Unit 1 - Representing Relationships

• Students will be able to use tables, equations, and graphs to describe relationships and make predictions.
• Students will be able to distinguish between linear and exponential relationships shown in tables, graphs, equations, and situations.
• Students will be able to write and interpret equations of linear and exponential relationships.

Unit 2 - Linear Equations and Inequalities

• Students will be able to solve linear equations with one variable, including equations with no solution or many solutions.
• Students will be able to solve multi-variable equations for a given variable.
• Students will be able to write and solve equations to represent linear situations.
• Students will be able to determine solutions to an inequality algebraically and graphically.
• Students will be able to write inequalities in one and two variables to represent constraints.

Unit 3 - Describing Data

• Students will be able to represent data with a dot plot, histogram, or box plot
• Students will be able to calculate the mean and standard deviation or median and IQR for a data set
• Students will be able to use shape, center, spread, and outliers to compare data sets
• Students will be able to describe data using correlation coefficients and lines of best fit
• Students will be able to use technology to generate lines of best fit and make predictions

Unit 4 - Describing Functions

• Students will be able to model real-world situations with the use of a function.
• Students will be able to use multiple function types to further explore the relationship between independent and dependent variables.
• Students will be able to write functions in various ways, including the use of function notation.
• Students will be able to use domain and range to interpret constraints on a function.

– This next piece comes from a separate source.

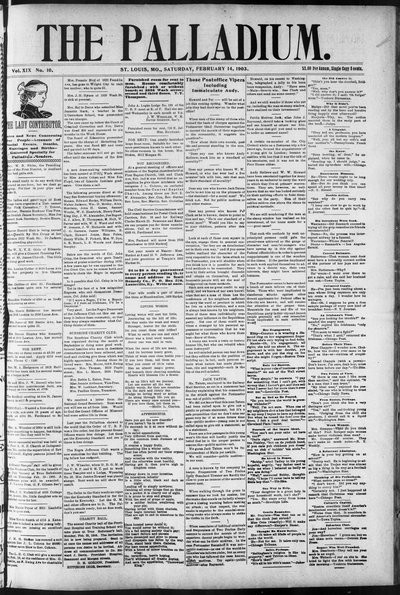 The Palladium, Feb 14, 1903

Unit 5 - Systems of Linear Equations and Inequalities

• Students will be able to solve a system by graphing.
• Students will be able to solve a system using substitution.
• Students will be able to solve a system using elimination.
• Students will be able to solve problems of applications of systems.
• Students will be able to determine the most efficient method when solving a system of linear equations.
• Students will be able to explain what is meant by the solution to a system of linear equations.
• Students will be able to explain what is meant by the solutions to a system of inequalities.

Unit 6 - Exponential Functions

• Students will be able to use equations and graphs to compare exponential functions.
• Students will be able to interpret situations that change exponentially.
• Students will be able to construct exponential equations and use them to model situations and solve problems.
• Students will be able to learn that the output of an increasing exponential function is eventually greater than the output of an increasing linear function for the same input.
• Students will be able to study graphs of exponential functions in terms of real-world contexts.

• Students will be able to justify whether a function is linear, quadratic, exponential, or none.
• Students will be able to identify and interpret key features of quadratics in graphs and tables.
• Students will be able to graph quadratics in standard form and factored form.
• Students will be able to write quadratic equations in factored form from a graph or description.
• Students will be able to use key features to graph quadratics in vertex form.
• Students will be able to write quadratic functions in factored form or vertex form.